The kids asked if they they could run down to the field at the elementary school, which is about 100 yards from my house. It has a big soccer field and a playground. We told the older ones to watch the younger ones and off they went. We let all nine kids aged 4 to 14 go down on their own, while we got down to business with the whiskey and pasta.
After about 40 minutes, the kids came running in the house. They said with some amusement that some old man took Arianna's shoes. What?!!! It's very hard to get a straight story from a group of kids, mostly verbose girls, who talked over each other, but we finally pieced the bits of the drama together.
The kids were playing soccer and had left their shoes and their sweatshirts next to a goal post, as they ran through the grass. They saw an old Indian man, wearing a traditional long jacket, watching them on the field. Half of our kids are part Indian. He looked like a relative and seemed harmless. They noted that he was looking in the garbage. They even saw him pick up their sweatshirts and put them down. One of the kids saw the man walk off the field with a pair of shoes. They came running home to tell us this strange tale.
Solitary male. At a playground.
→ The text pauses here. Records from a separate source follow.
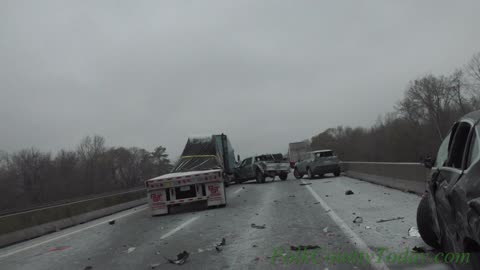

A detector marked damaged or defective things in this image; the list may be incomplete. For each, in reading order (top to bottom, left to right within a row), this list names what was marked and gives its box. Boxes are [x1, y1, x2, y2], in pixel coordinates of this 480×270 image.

damaged car [416, 109, 480, 266]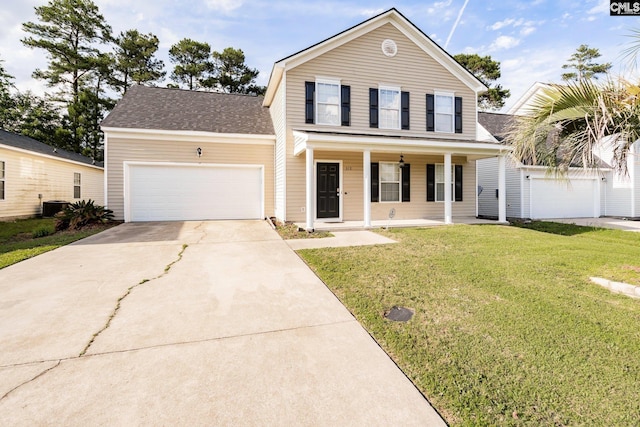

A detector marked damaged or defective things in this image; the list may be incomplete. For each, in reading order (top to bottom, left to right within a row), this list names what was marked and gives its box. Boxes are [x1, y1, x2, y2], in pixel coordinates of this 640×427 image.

driveway crack [78, 244, 188, 358]
driveway crack [0, 362, 61, 402]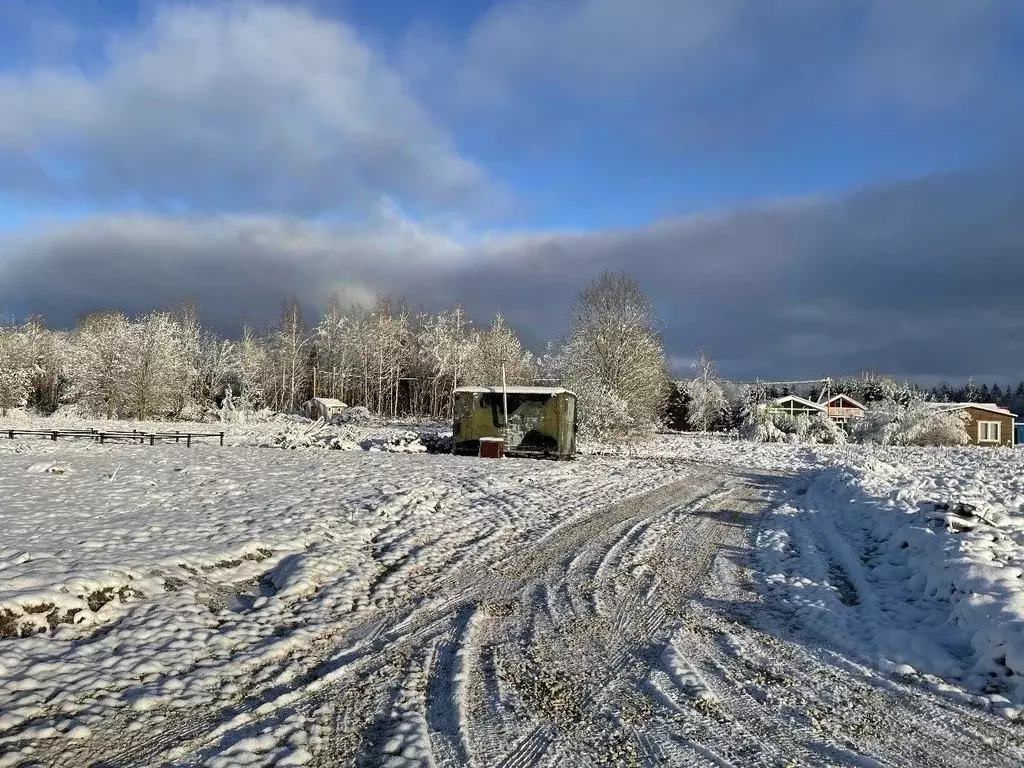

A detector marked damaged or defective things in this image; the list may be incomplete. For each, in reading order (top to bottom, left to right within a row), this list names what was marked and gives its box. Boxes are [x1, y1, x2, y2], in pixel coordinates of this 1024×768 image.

abandoned bus body [454, 387, 577, 460]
Taking shoes.
I immediately put down the tongs and called the cops. The police showed up at the field with lights flashing within minutes. At the same time, there was a car accident one block away. There were as many police cars at the soccer field as at the site of the accident.
The cops tracked down the guy. Behind the tinted windows of their SUV, my cousins drove by the man and the kids positively identified the dude. They missed most of dinner, but we nuked the pasta for them when they returned. It was not clear if the guy, a visitor from out of town, was a pervert or an addled old man, but nobody was taking chances.
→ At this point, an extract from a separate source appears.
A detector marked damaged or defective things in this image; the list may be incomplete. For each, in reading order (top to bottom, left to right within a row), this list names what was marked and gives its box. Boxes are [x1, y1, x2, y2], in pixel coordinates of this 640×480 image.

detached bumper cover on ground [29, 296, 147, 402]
Malcolm Gladwell has an interesting article in the New Yorker about Sandusky and how he used various methods of child molsters to groom his victims. Thanks to all the readers who asked me to read it.
Modern parents have been aware of perverts for a while. High profile cases of abductions and killings are always on the back of our mind. Cases like Sandusky, the Catholic priest stories and the poor Leiby Kletzky story have increased the anxiety levels. Creeps are everywhere, even among the most trusted members of society.
Fear of perverts has drastically changed the way that we parent our children.
When the kids came running in the house to tell us the shoe story, we immediately gathered the kids in the house. We second guessed our decision to let the kids go to their field on their own. We believed the kids' story and called authorities. The old man, who very well could have had dementia, was feared and the authorities forbade him from spending any more time around the playground. And all of that was right and good.
The downside is that kids today have much less freedom than we enjoyed. They can't roam a neighborhood freely. Parents pick up the kids from school, rather than let them walk home. They get less exercise. They spend more time inside, where we can protect them. We remind each other to check out the child predator lists online. We know that there are very, very few of these people out there, but no parent wants to play the odds like that.
Perverts have turned us all into helicopter parents.